WHAT YOU NEED TO DO — Output only the lines below from the one holding "The Epic Battle" down to the one holding "IGREJA É INVADIDA", both end lines included and every picture dropped.

PROVIDED RECORDS —
┄┄┄┄┄┄┄┄┄┄
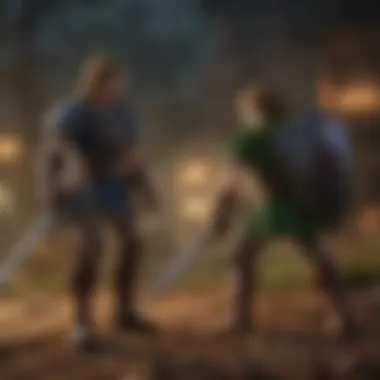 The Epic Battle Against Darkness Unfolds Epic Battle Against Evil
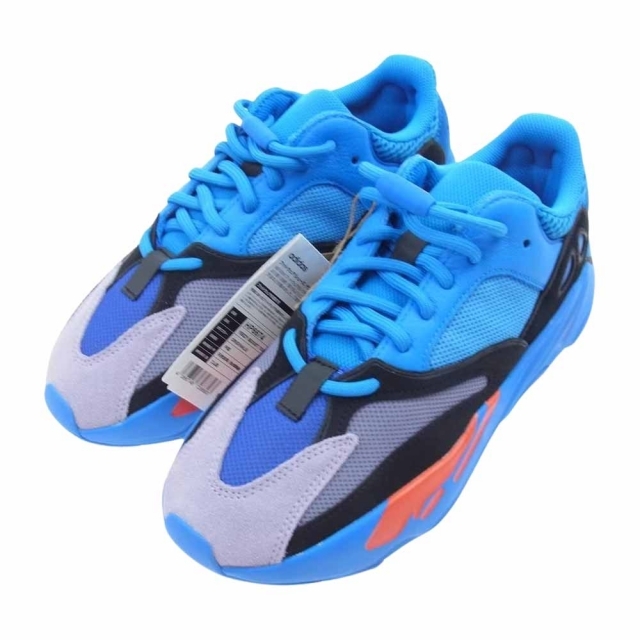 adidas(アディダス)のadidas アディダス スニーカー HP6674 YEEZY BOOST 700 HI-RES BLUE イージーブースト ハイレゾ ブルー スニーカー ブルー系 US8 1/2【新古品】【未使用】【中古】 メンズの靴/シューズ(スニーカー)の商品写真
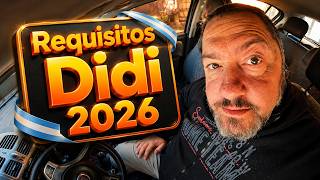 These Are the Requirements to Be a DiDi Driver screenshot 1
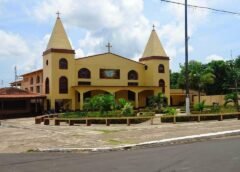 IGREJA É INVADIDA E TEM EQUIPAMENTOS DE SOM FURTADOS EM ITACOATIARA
┄┄┄┄┄┄┄┄┄┄
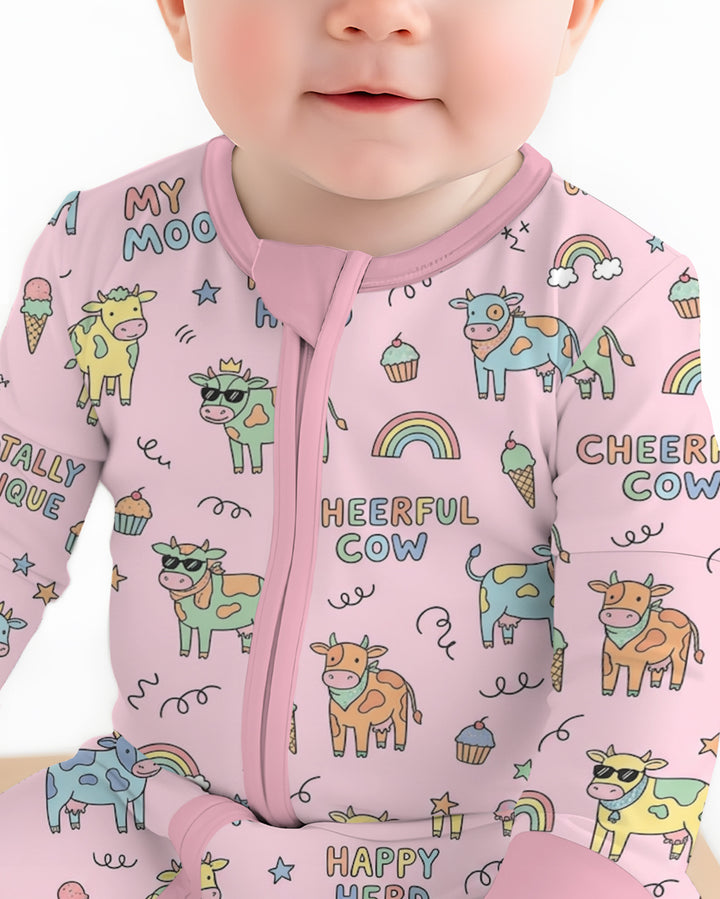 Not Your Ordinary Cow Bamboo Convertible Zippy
┄┄┄┄┄┄┄┄┄┄
ANSWER FOR THE TASK —
 The Epic Battle Against Darkness Unfolds Epic Battle Against Evil
 adidas(アディダス)のadidas アディダス スニーカー HP6674 YEEZY BOOST 700 HI-RES BLUE イージーブースト ハイレゾ ブルー スニーカー ブルー系 US8 1/2【新古品】【未使用】【中古】 メンズの靴/シューズ(スニーカー)の商品写真
 These Are the Requirements to Be a DiDi Driver screenshot 1
 IGREJA É INVADIDA E TEM EQUIPAMENTOS DE SOM FURTADOS EM ITACOATIARA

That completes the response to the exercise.